If you are working with categorial data and want to obtain a summary statistic for such variables, the anova function has a method for linear models.
# Categorical variables
data(mtcars)
fit <- lm(mpg ~ as.factor(cyl), data=mtcars)
summary(fit)
anova(fit)
Multiple Variables#
The power of this method comes from the fact that it can be used for multiple explanatory variables and can therefore be used to find a model based on only the variables that matter.
We can use exactly the same functions as before by giving lm a formula including the variables we are interested in. However, when there is more than one variable there is the possibility that the two are dependent and could mislead us. To account for this we can also add an interaction term to the formula.
# Multiple variables
data(mtcars)
fit <- lm(mpg ~ as.factor(cyl) + disp, data=mtcars)
summary(fit)
# Are disp and cyl dependent?
boxplot(disp ~ cyl, data=mtcars)
# Include interaction
fit <- lm(mpg ~ as.factor(cyl) + disp + as.factor(cyl):disp, data=mtcars)
summary(fit)
Of course, we could go further and include all the variables in the data and all possible two-way, three-way, etc. interactions. How do we avoid making a model that fits perfectly but includes unnecessary variables? We can of course remove those that are shown to be insignificant, but there are sophisticated methods to better determine whether your model is the correct fit or not.
Two such methods are the Akaike Information Criteria or AIC and the Bayesian Information Criteria or BIC. In R the functions are the capitalised acronyms and they return a single value as an assessment of a model generated by lm. The smaller the value, the better the fit.
# Fitting the best model
data(mtcars)
fit_cyl <- lm(mpg ~ as.factor(cyl), data=mtcars)

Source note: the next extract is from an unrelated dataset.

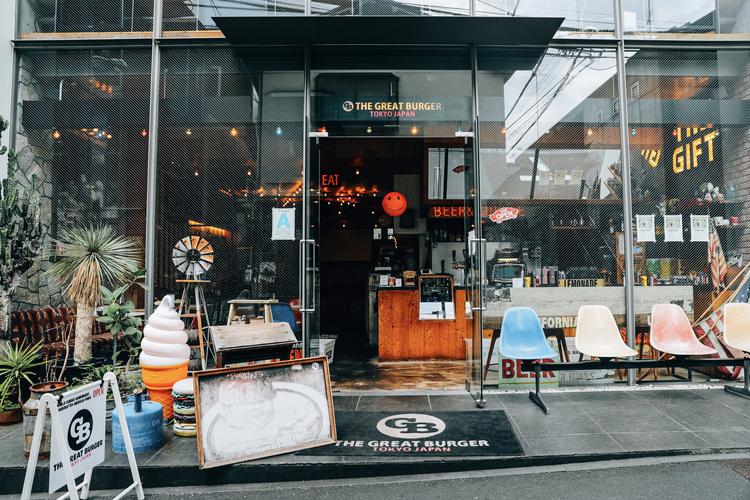 食べログ100名店に選ばれた人気店！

fit_disp <- lm(mpg ~ disp, data=mtcars)
fit_both <- lm(mpg ~ as.factor(cyl) + disp + as.factor(cyl):disp, data=mtcars)
AIC(fit_cyl)
AIC(fit_disp)
AIC(fit_both)
# The more complex model is a better fit
Correlation#
As noted above, the lm function in R determines the likelihood of a single continuous variable fit by correlation. Specifically it uses the Pearson product moment correlation coefficient. Without going into details, this is the most common parametric measure of correlation, but is not very robust. Common ways that data can mistakenly appear correlated include multimodal distributions and exponentially distributed data, and the statistic can only recognise linear relationships.

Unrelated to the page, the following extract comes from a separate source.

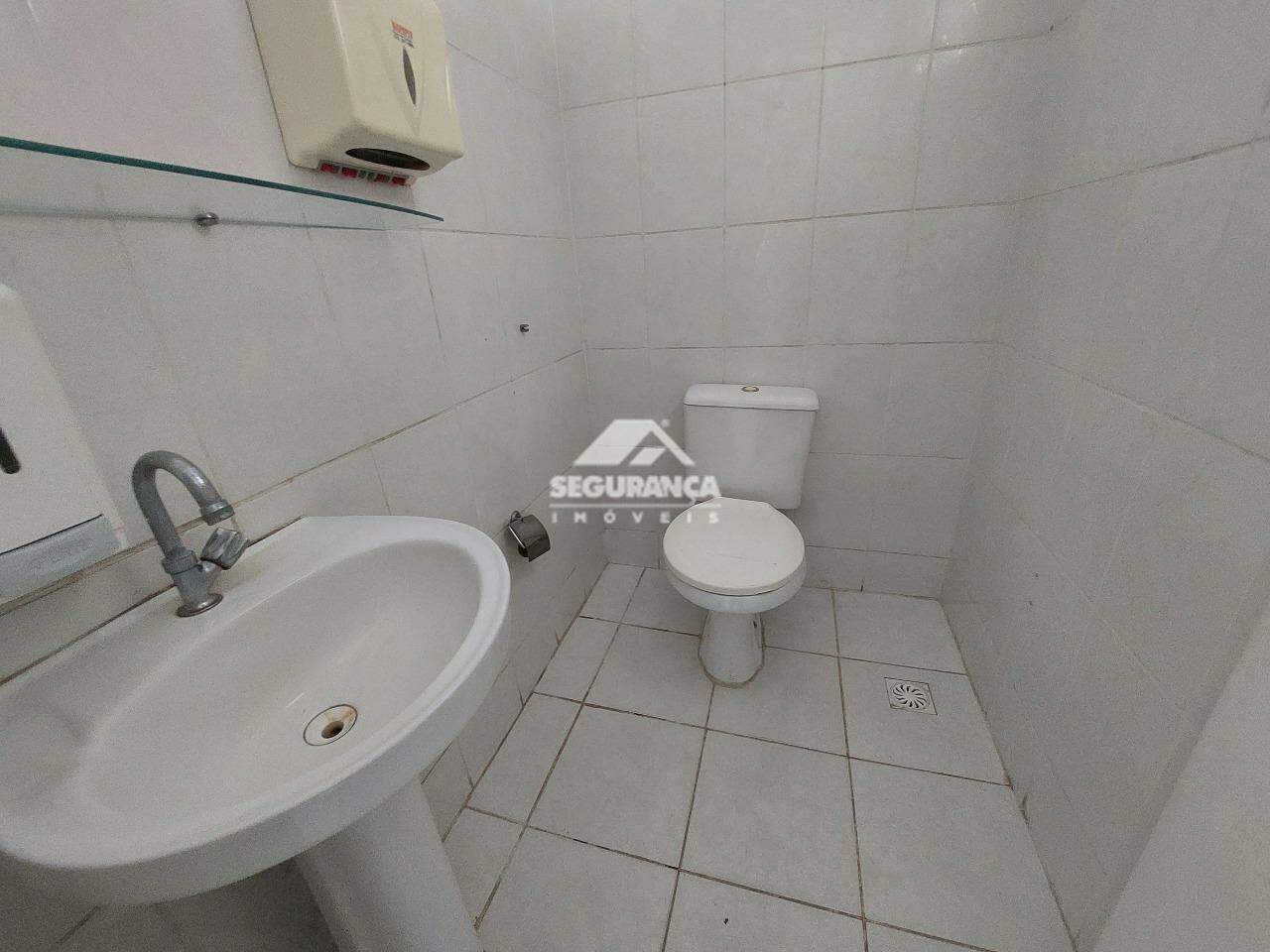 Apartamento para aluguel no Centro: BANHEIRO 01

A non-parametric equivalent is the Spearman correlation, which is literally just the Pearson correlation of the ranks of the data. Another nonparametric test is the Kendall correlation, which considers whether pairs of points are concordant (i.e.: their sort order agrees) in both data sets.
In R, the cor and cor.test functions will perform these different correlation measures.
Remember though, that correlation does not mean causation.
Exercises#
Load the mtcars data and build a linear model with a single variable that best explains the qsec data
Hint: to understand what each column is, use ?mtcars
Now construct the best model you can using whichever variables appear significant and applying the AIC criteria
How might you determine which factors are responsible for the variations seen between vehicles?